Jarinya bergerak lincah diatas keyboard lalu berpindah ke mouse, beberapa kali ia tersenyum melihat postingan usang dirinya. Percayalah, zaman itu mereka masih aktif-aktifnya bermain aplikasi ini. Tak sengaja menggulir halaman kebawah, matanya menangkap satu grup yang cukup menyita perhatiannya. OSN KEBUMIAN (2011). Ia lantas mengklik dua kali, terlihat jelas bagaimana deskripsi grup ini terlihat dingin.
Abian membaca sekilas, lalu menggulirkan kursornya. Ia mendapatkan apa yang ia cari. Oke, ia ingat bahwa grup ini dulu berfungsi sebagai share informasi mengenai olimpiade tingkat Nasional. Juga dulu masih memakai via sms. Nah untuk memudahkan maka digunakan lah media ini sebagai diskusi tanya jawab bagi murid bimbingannya yang tidak paham.
Di halaman atas masih terlihat hangat interaksi Abian dan murid lain, tapi bukan itu yang ia cari. Seingat Abian, ada beberapa hal yang membuatnya semangat untuk mencarinya. Sampai dibawah kini ia menemukan beberapa pertanyaan lucu dari murid bimbinganya, siapa lagi kalau bukan Kanza Syafira.
Tiba-tiba Abian tergelak keras melihat satu pertanyaan dari Kanza yang menurutnya ini menyebabkan Kanza tidak bertanya jauh lagi kepadanya. Padahal sebelumnya, Kanza itu sangat sering bertanya kepada termasuk di via sms dan Abian rasa ia menjadi tumbal temannya untuk tanya terlebih dahulu kepada dirinya.

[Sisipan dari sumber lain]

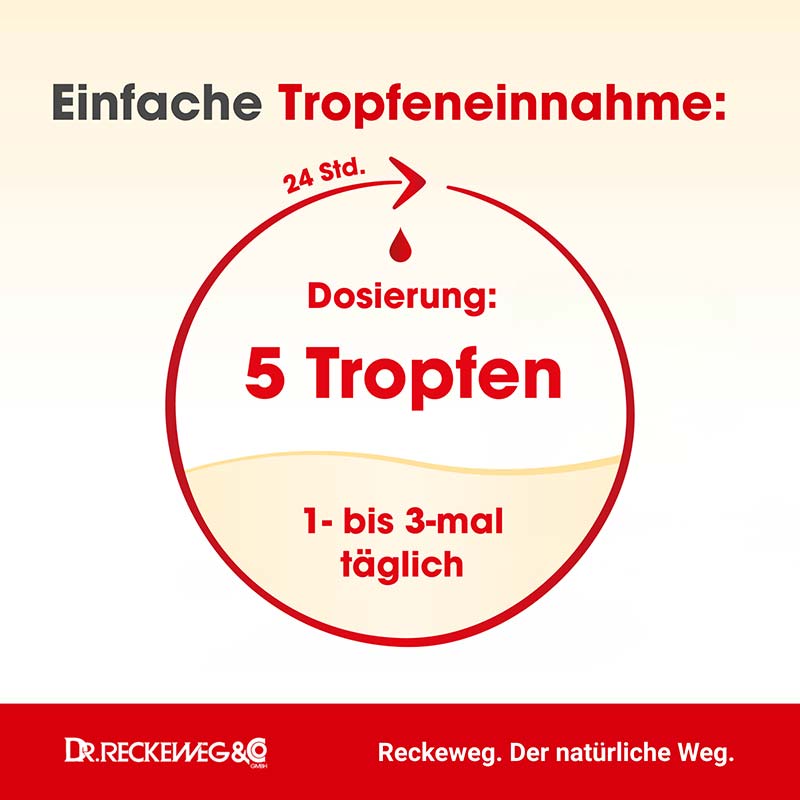 INTERCOSTAL-GASTREU R 69 50 ml Tropfen zum Einnehmen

Sebelumnya kenapa Abian berpikiran seperti ini? Oke, dulu murid Abian ada tiga yang satu sekolah dengan Kanza. Nah mereka itu sepertinya tidak suka dengan Abian, lebih tepatnya takut tapi masih mengakui jika Abian itu lumayan. Berbeda dengan Kanza yang benar-benar tidak suka dengannya, terlebih dia ditunjuk mewakili lomba saja secara acak dan terpaksa. Maka dari itu Kanza sebenarnya paling aktif tanya karena tidak tahu. Tapi saat itu Abian juga bisa menangkap bahwa Kanza agak lemah di hafalan, jika membahas rumus ia langsung nyantol.
Pertanyaan yang Kanza sampaikan di dinding platform tersebut adalah
"Mas X-Ray itu apa?"
Abian berulang kali membaca masih saja tertawa apalagi melihat jawaban yang ia berikan yaitu, "Sinar X ya Sinar X".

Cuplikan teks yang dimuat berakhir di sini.